Discover the Captivating Essence of Love, Sports, Music, Survival, and Sisterhood In These 5 Iconic Black Movies: Which One Resonates with Your Soul?

Movie
Unsplash/Alex Litvin

Black movies travel transcends beyond the surface of the story being told, with classical films that keeps you engrossed in a tapestry of genres.

Love And Basketball

Monica and Quincy grew up in the same neighborhood and have been friends since childhood. From a tender age, they both realize they share a passion and love for basketball. Different career paths, through high school and college basketball, they followed suit and hoped for a shot at the pro league to play professionally.

The struggle with determination and a zeal to win is shown from a female athlete’s perspective on playing basketball in a male-dominated industry especially as an African-American woman was not easy. This film uses sports as a metaphor for life, and love has definitely gone on to inspire the production of films similar to this many years later.

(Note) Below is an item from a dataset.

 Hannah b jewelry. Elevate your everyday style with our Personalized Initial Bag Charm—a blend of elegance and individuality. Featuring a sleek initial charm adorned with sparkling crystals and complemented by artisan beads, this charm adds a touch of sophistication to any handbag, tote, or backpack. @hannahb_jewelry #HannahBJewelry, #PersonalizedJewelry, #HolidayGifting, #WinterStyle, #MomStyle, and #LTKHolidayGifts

Sanaa Lathan portrays a driven, hot-tempered tomboy Monica, who is passionate about basketball. Omar Epps plays Quincy, the son of an NBA player with pro dreams. From the moment we are introduced to both characters, we know they’re both destined for one another. The warmth of their love led them to battle each other in a basketball game to win each other’s hearts.

How Stella Got Her Groove Back

They’re so many layers this film conveys. An incredible tale on a woman’s journey with friendship, being a single working mom, finding herself and risking it all for love.

Stella Payne (Angela Bassett) is so focused on getting her life figured out that she’s forgotten how to live life. She takes a trip to Jamaica with her best friend Delilah (Whoopi Goldberg). The trip in turn ends up as an exhilarating voyage of self-discovery for Stella as she learns to open her heart and find love with a man who’s 20 years her junior!

This film revolves around a topic that is discussed and is sometimes frowned upon in certain parts of the world. What happens when age becomes more than just a number, the idea of sexual tourism, cultural differences, and the sexuality of women in their 40s.

The beautiful thing about this film throughout the scenes is the friendship between Stella and Delilah.

When Delilah is introduced, there is a great exchange between her and Stella. Their banter feels so real and honest, and their friendship is the light that carries this movie.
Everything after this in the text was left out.